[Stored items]

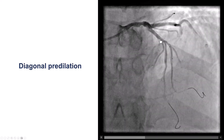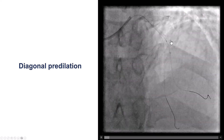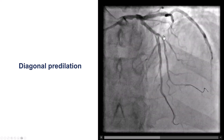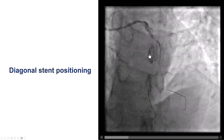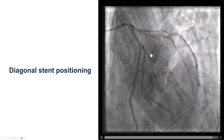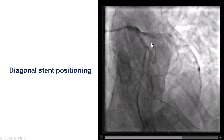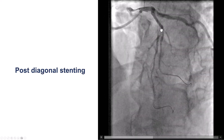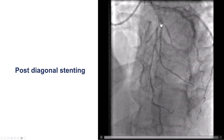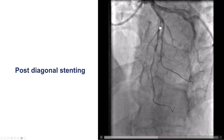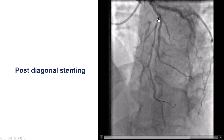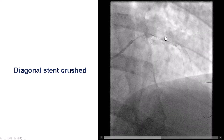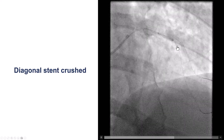The plan was to do PCI of the LAD-diagonal bifurcation using the DK-crush technique. We predilated the diagonal, and then we placed the balloon into the LAD and the stent into the diagonal, having a slight protrusion of the diagonal stent into the LAD. The stent was deployed in the diagonal, and what happened is a carina shift. We now have a significant lesion visible in the LAD.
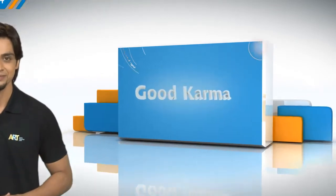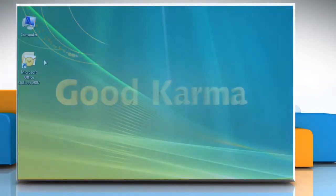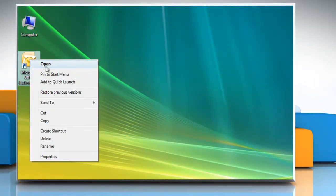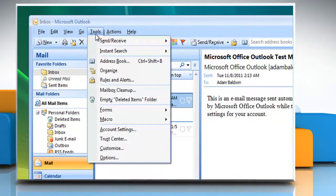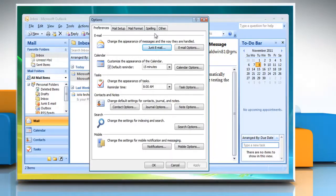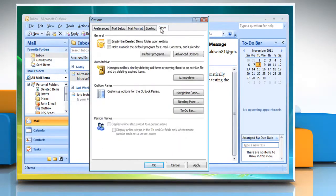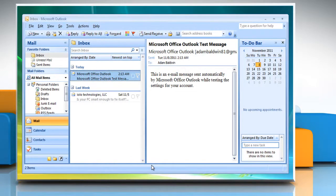Follow me. Open Microsoft Outlook. Click on the Tools menu. Click Options. Click the Other tab. Click to select the 'Make Outlook the default program for email, contacts, and calendar' checkbox. Click OK.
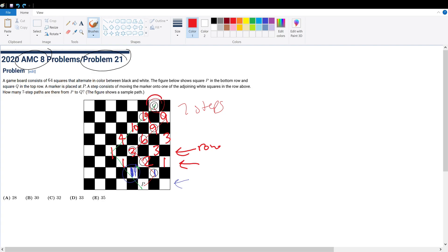How many ways to get to this square? 19. And how many ways are there to get to the top square Q? 19 plus 9 is 28. So there are 28 ways to get to our top square Q, for answer choice A.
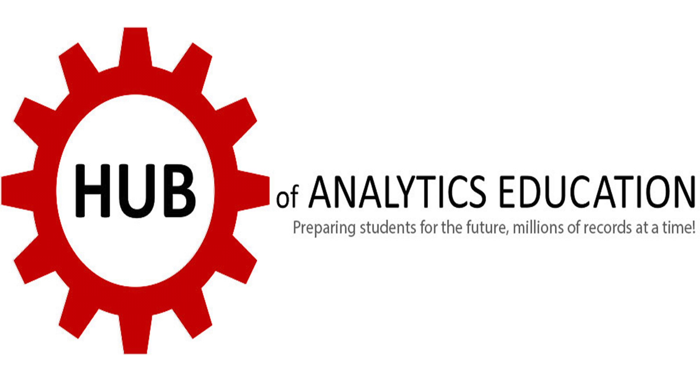Welcome to the Hub of Analytics Education, preparing students for the future, millions of records at a time. The Hub of Analytics Education is located in Boston, Massachusetts.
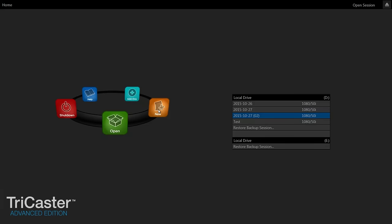I'm Phil from PTZOptics. I'm here to show you the compatibility of our PTZOptics cameras and the NewTek TriCaster.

TASK GOAL
Set the data above down again exactly as given, with no pictures.

RESPONSE TO THIS EXERCISE
The plan was to do PCI of the LAD-diagonal bifurcation using the DK-crush technique. We predilated the diagonal, and then we placed the balloon into the LAD and the stent into the diagonal, having a slight protrusion of the diagonal stent into the LAD. The stent was deployed in the diagonal, and what happened is a carina shift. We now have a significant lesion visible in the LAD.
Follow me. Open Microsoft Outlook. Click on the Tools menu. Click Options. Click the Other tab. Click to select the 'Make Outlook the default program for email, contacts, and calendar' checkbox. Click OK.
How many ways to get to this square? 19. And how many ways are there to get to the top square Q? 19 plus 9 is 28. So there are 28 ways to get to our top square Q, for answer choice A.
Welcome to the Hub of Analytics Education, preparing students for the future, millions of records at a time. The Hub of Analytics Education is located in Boston, Massachusetts.
I'm Phil from PTZOptics. I'm here to show you the compatibility of our PTZOptics cameras and the NewTek TriCaster.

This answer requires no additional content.